Saturday, August 25, 2012

#BlogElul Day 7: Shofar

A story: when I was a student, one High Holidays at my pulpit in Muncie IN, the ba'al T'kiah, the shofar blower for the congregation, gave me a head's up. A surgeon (and someone who rarely attended shul), he was on call for Rosh Hashanah that year, and couldn't get out of it. I reminded him that pikuach nefesh--the saving of a life--took precedence, and both I and the soloist were capable shofar blowers. Sure enough, he had surgery that day, early in the morning, and I prepared to sound the shofar at the appropriate time. As we reached that part of the service, the doctor arrived from surgery--still in his scrubs!--with a tallit over his shoulders and shofar in hand. He was exhausted, he was filthy, with another person's blood upon him, he was not a regular synagogue-goer; he had every excuse in the world. And he came to blow shofar for his congregation.
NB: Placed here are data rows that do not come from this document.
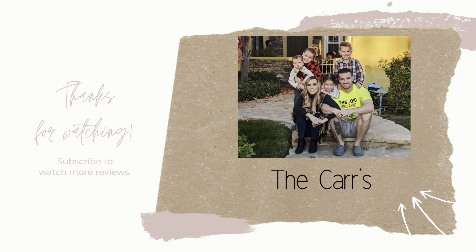But yeah, that completes this video. Thank you so much for watching. Bye! God bless. I'll see you next time.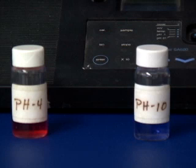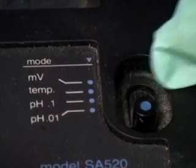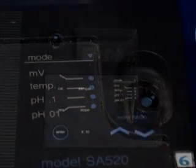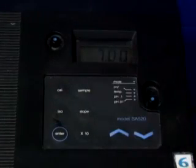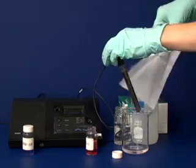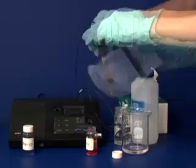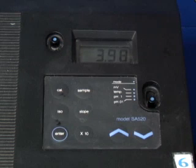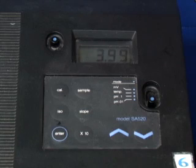We will perform a two-point calibration. This method involves calibrating the pH meter with two different buffers of known pH. Turn on the instrument and select the pH mode as 0.1 or 0.01. Then press the ISO button and verify that the pH reads 7.00. Rinse off the probe with distilled water into a waste beaker and gently blot it with a kimwipe. Place the probe into the first buffer and press the cal button. The number 1 should appear on the display. The display will alternate between 1 and the pH value of the solution. Wait until the display stabilizes and press enter.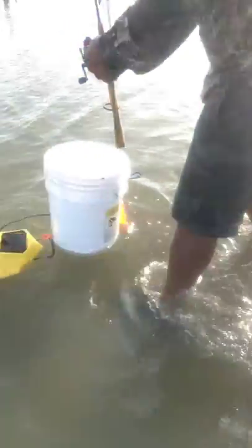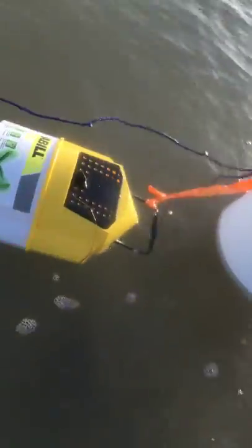As you can see, my dad already caught something little and he just put it in that bucket right there. That bucket — oh, can't see ya. Alright people, deuces.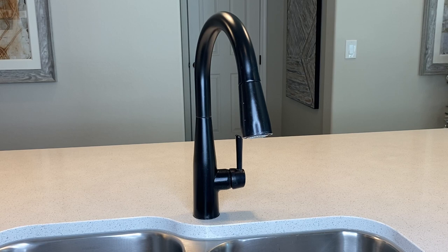Let's take a closer look at this Delta faucet that I currently own in Venetian Brown. It just has one handle to regulate the flow of water and the temperature.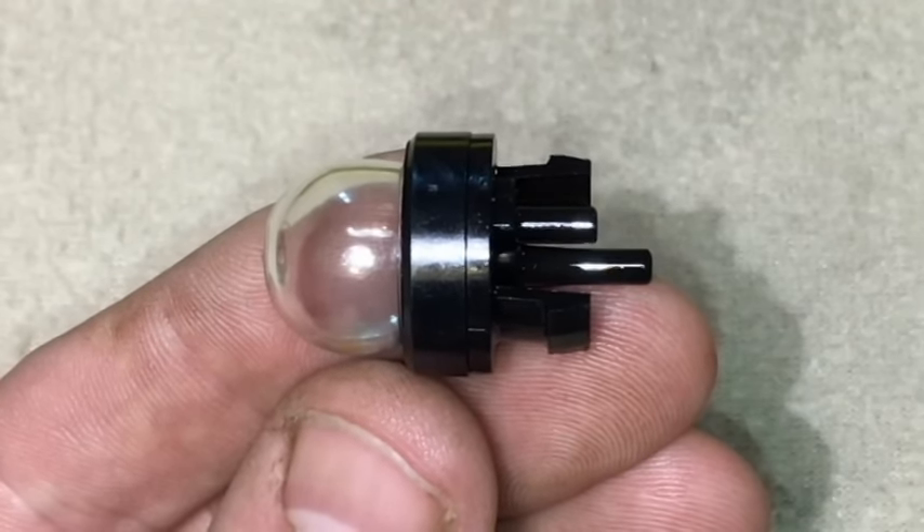The second thing I want to make sure you understand is that this is not a primer bulb. A lot of people call it a primer bulb — I call it a primer bulb sometimes — but it's actually a purge bulb. Primers are what's on a lawn mower. When you hit that little bulb on your lawn mower, it's priming it by squirting a little bit of fuel into the throat of your carburetor, because your unit doesn't have a choke — it takes the place of the choke. That's what makes your lawn mower start.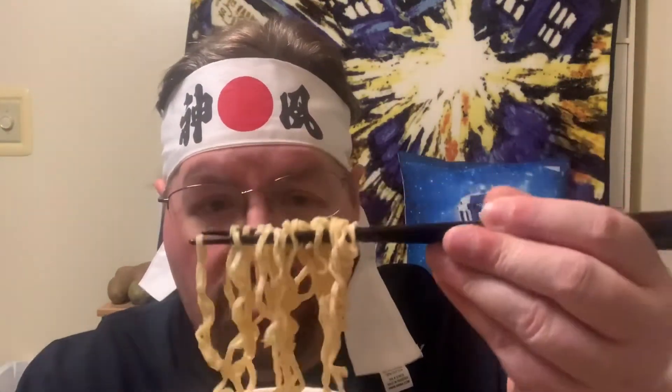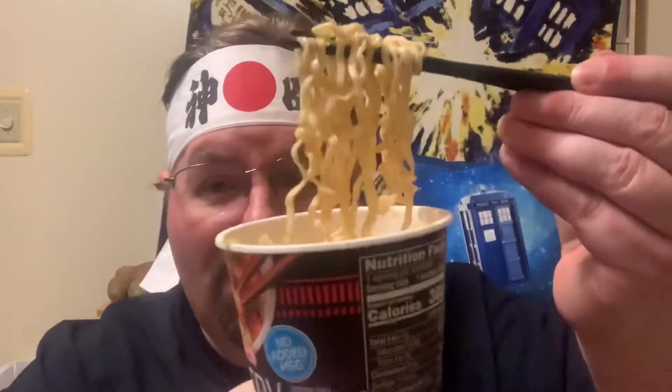I'm still learning with the chopsticks so bear with me. Actually, that's pretty good! There's not a lot of sauce — it kind of absorbs into the noodles and just makes a good fair amount of broth. Very good flavor on that teriyaki, a little salty, but you know — noodles. Let me get another big batch of them. Yeah, very good flavor.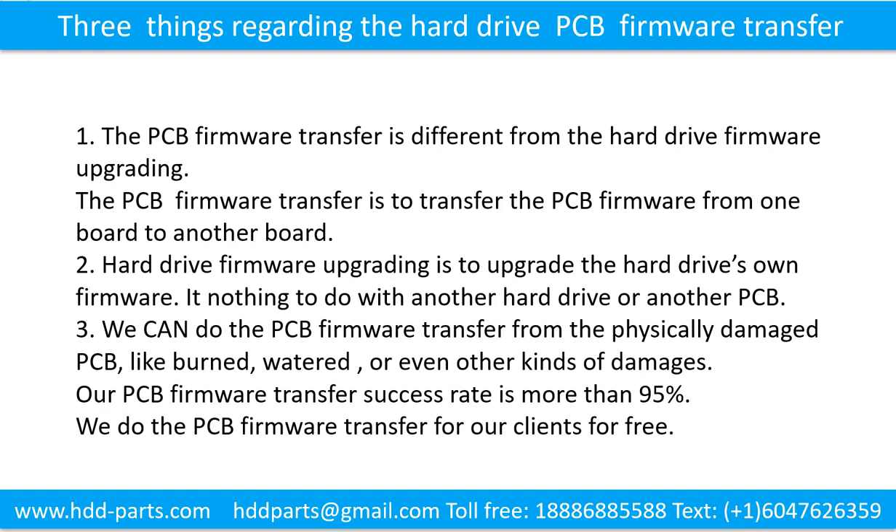We can do the printed circuit board firmware transfer from a physically damaged printed circuit board, like burned, watered, or even other kinds of damages. Our printed circuit board firmware transfer success rate is more than 95 percent. We do the printed circuit board firmware transfer for our clients for free.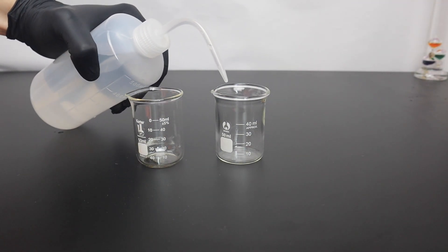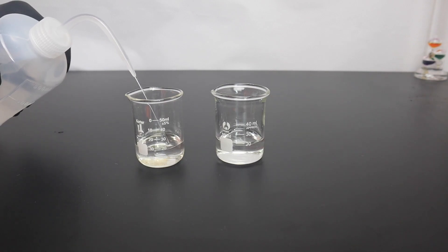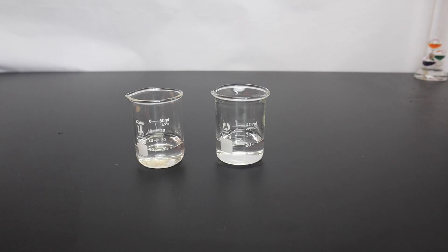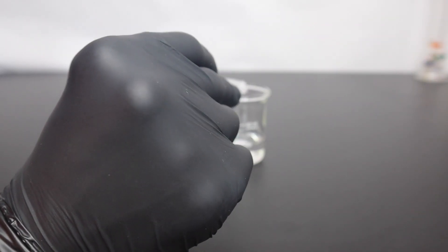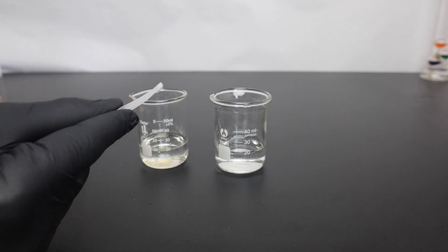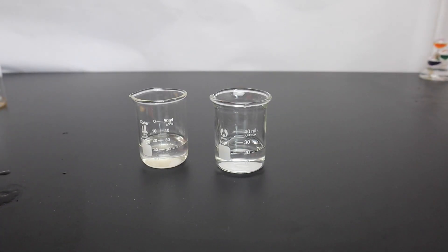In this video I'm going to demonstrate the iodine clock reaction. First I put 20 milliliters of water into two separate beakers and then I added a small amount of sodium iodate to one of them. To the other I added a small amount of sodium sulfate, citric acid, and a few drops of saturated starch solution.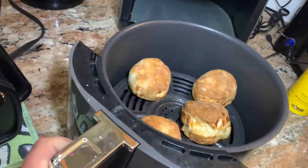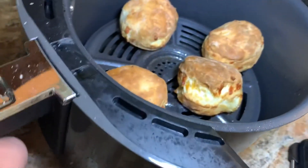Let's check them out. Oh, they look definitely done. Look at that bad boy. All right, let's check these out — this came out pretty good. Wow.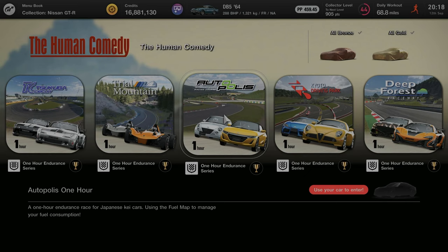Hello and welcome to episode 3 of the Human Comedy Series. Today we're going to be focusing on the 1 hour endurance race at Autopolis.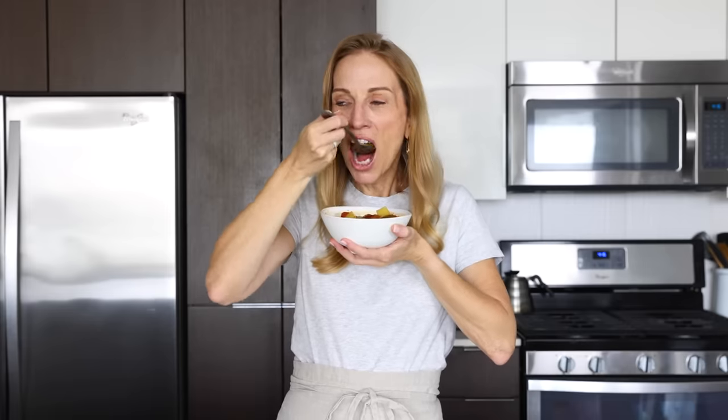I hope you guys enjoyed today's vegetable soup recipe. If you did, make sure to give this video a thumbs up, share it with your family and friends who love healthy soup recipes, and I will see you again in the next video.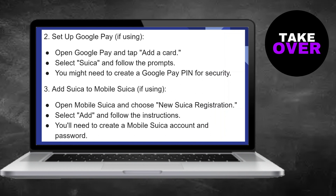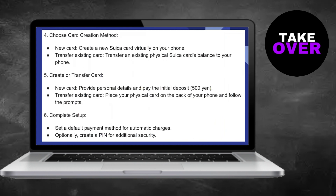Create a new Suica card virtually on your phone, or transfer an existing physical Suica card's balance to your phone. Provide personal details and pay the initial deposit, typically 500 yen. Place your physical card on the back of your phone and follow the prompts to set a default payment method for automatic charges.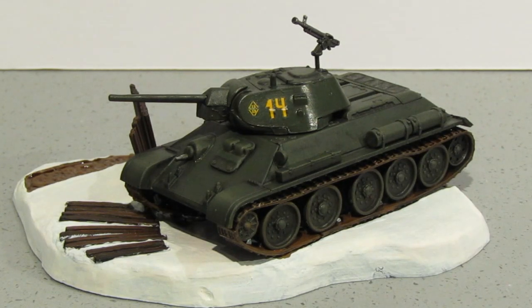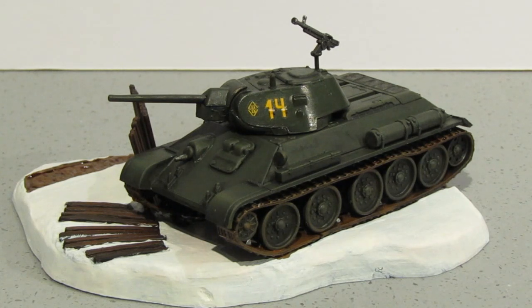Hi guys, thanks for joining me. This is the first of two videos for tonight where I'm showing office builds that are recently completed. This is Matchbox's T34 in 1/76 scale — it is a repop by Revell. Unfortunately I was looking for the video where I've done a Matchbox Monday on this kit and it looks like I didn't do one, which is a bit disappointing. This is PK82 in the Matchbox range.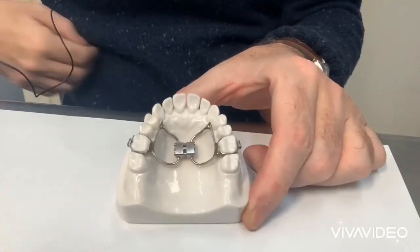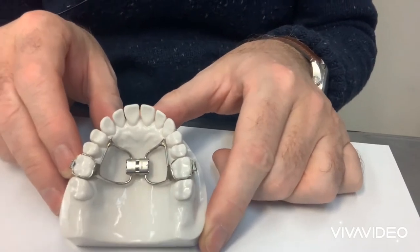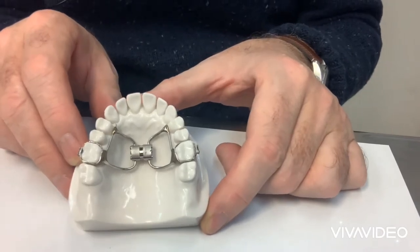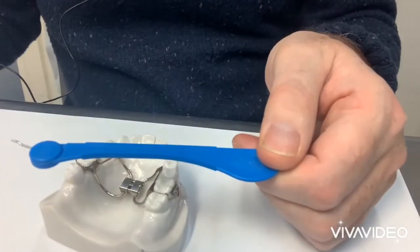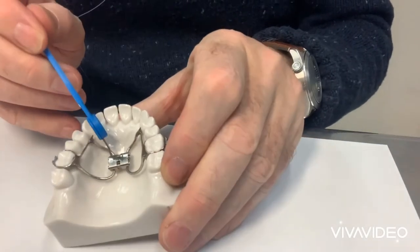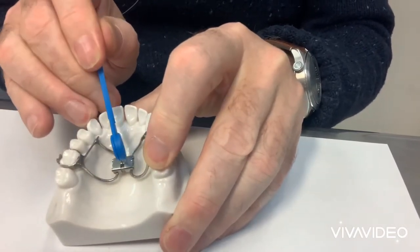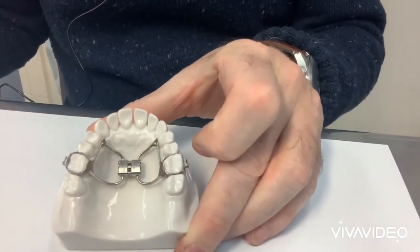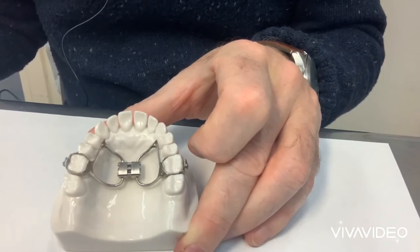This is the standard Hyrex screw. If you just write that you want a Hyrex or an RPE on the lab sheet, this is the screw that you will get. It is activated with a blue handle key — the patient, or the patient's parent, can put that in the patient's mouth, find the little hole, and just turn it. That's one turn per week, and one turn equals one quarter of a millimeter.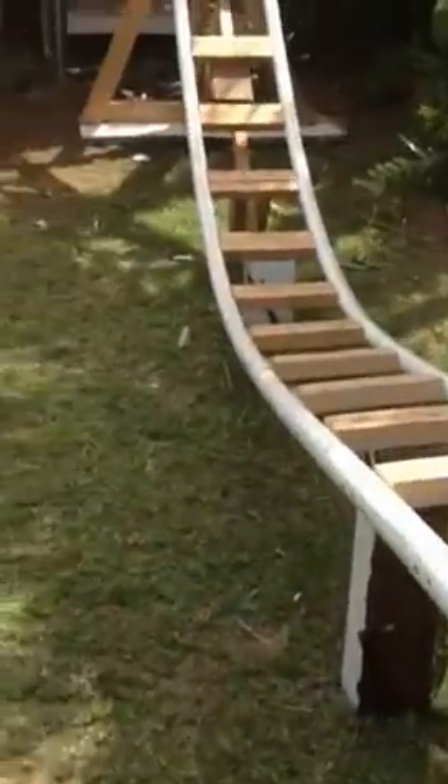Down here we're starting to raise up. This is a 60 degree drop — it's about 9 feet up. It starts at the top of my son's play structure, which is actually pretty cool in its own right. We built this all from scrap material from job sites. I'm a contractor, so I have a lot of junk lying around.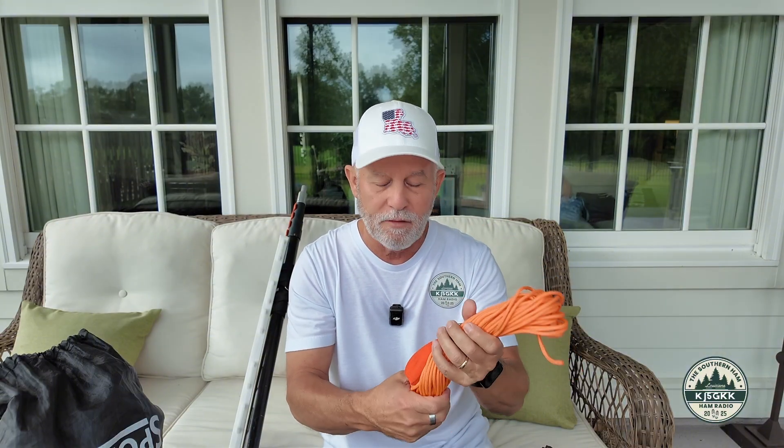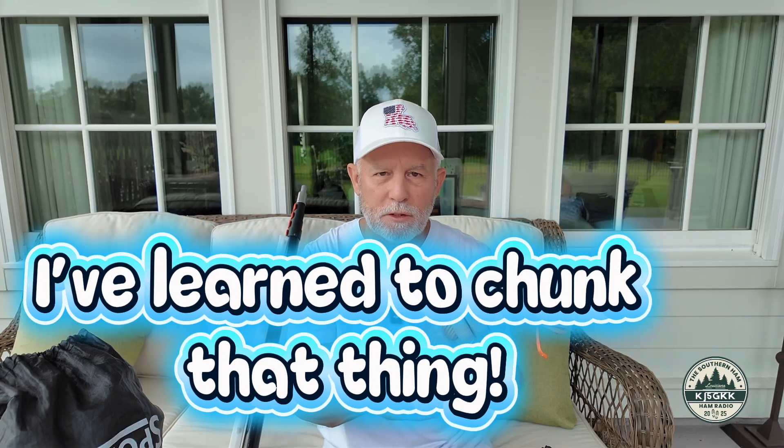We talked about antennas and the two I recommended were a self-supporting vertical and also an end-fed half wave. One of the things that makes it easy is you've got to have some way of elevating that end-fed half wave. The first is a throw line. This little bag has my throw line all wound up — it's a 16-ounce, probably a little heavier than I need; a 14-ounce would work. It's a great way to get a line up in a tree and then hoist that end-fed up in the air and get the radiating element elevated.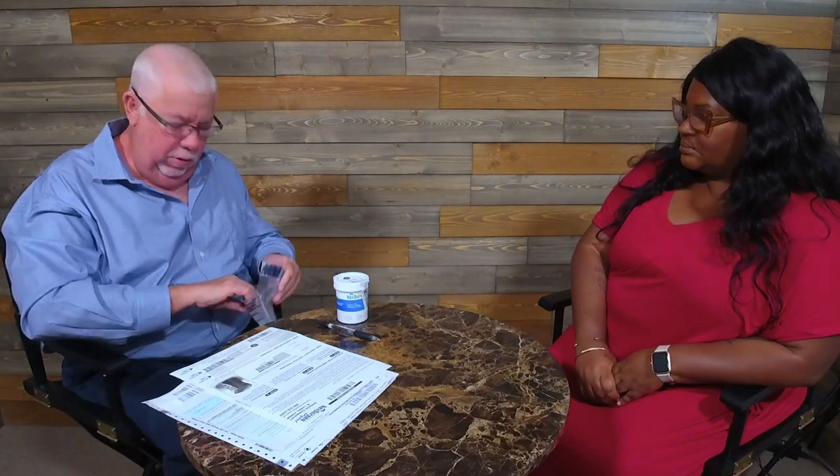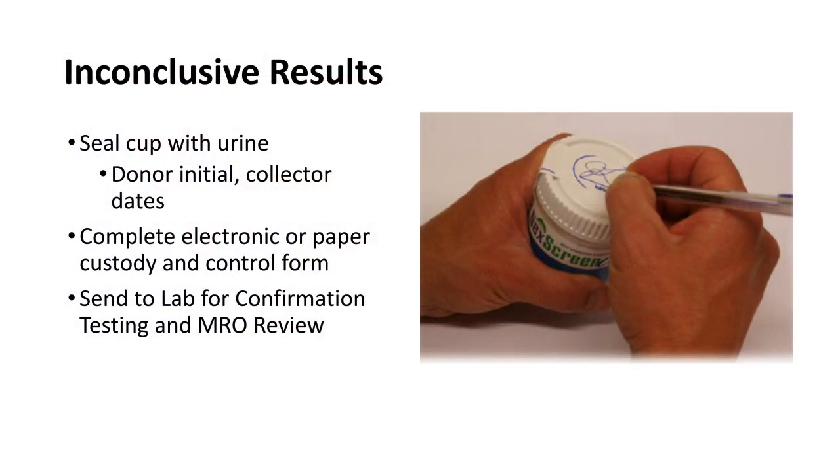Five minutes later — okay, Char, you're back. I have the results of your test and unfortunately this test is inconclusive; it is going to have to go out to the laboratory for confirmation testing to be absolutely sure of what your final result is. We've already got it sealed up. I'm going to go ahead and put it in a bag for shipment to the laboratory and place it in the front pouch with the light absorbent material.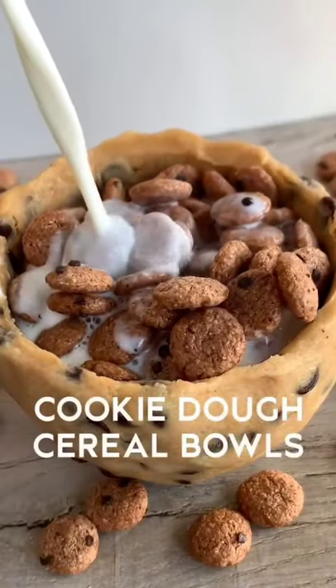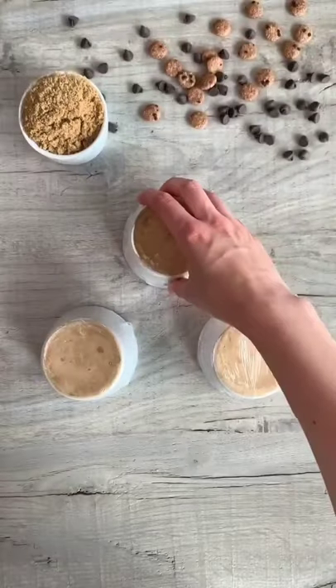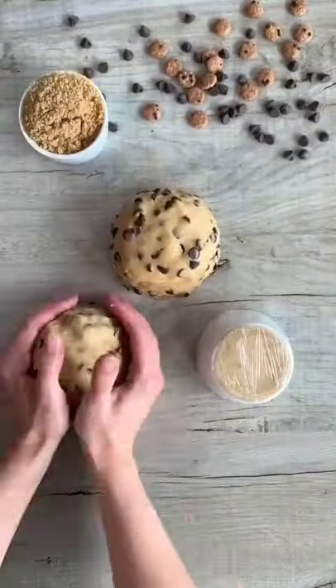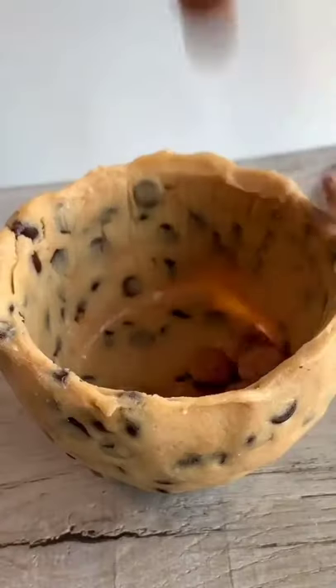What's up guys? Today we're going to be making cookie dough cereal bowls. First up you need to cover a ramekin or small bowl in cling film and place it upside down. Grab your batch of cookie dough and press it down over your ramekin making sure there's no gaps. Pop them in the freezer for at least four hours.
He had to be there. 

The Shofar service, as my teacher Michael Marmur reminded us 15 (!) years ago, is made up of three parts: Zichronot, Malchuyot and Shofarot. Zichronot--invoking God's memory of our patriarchs (and matriarchs) and invoking their zechut, their merit, on our behalf. Malchuyot, a proclamation of God's majesty and sovereignty, a reminder that we are not in fact, in charge, no matter what we may think. And Shofarot: the primal sound of the Shofar hearkening to a time before time, invoking no logic or rationality, but pure Mystery, the essence of the Sacred unfiltered, shaking us, disturbing us, freeing us in that moment from what binds us. That is the power of the shofar; as Abraham Joshua Heschel reminds us: not a symbol, referencing something else, but a mitzvah, an act of holiness that elevates and sanctifies our lives. 

What will you be thinking as you hear the Shofar's sound?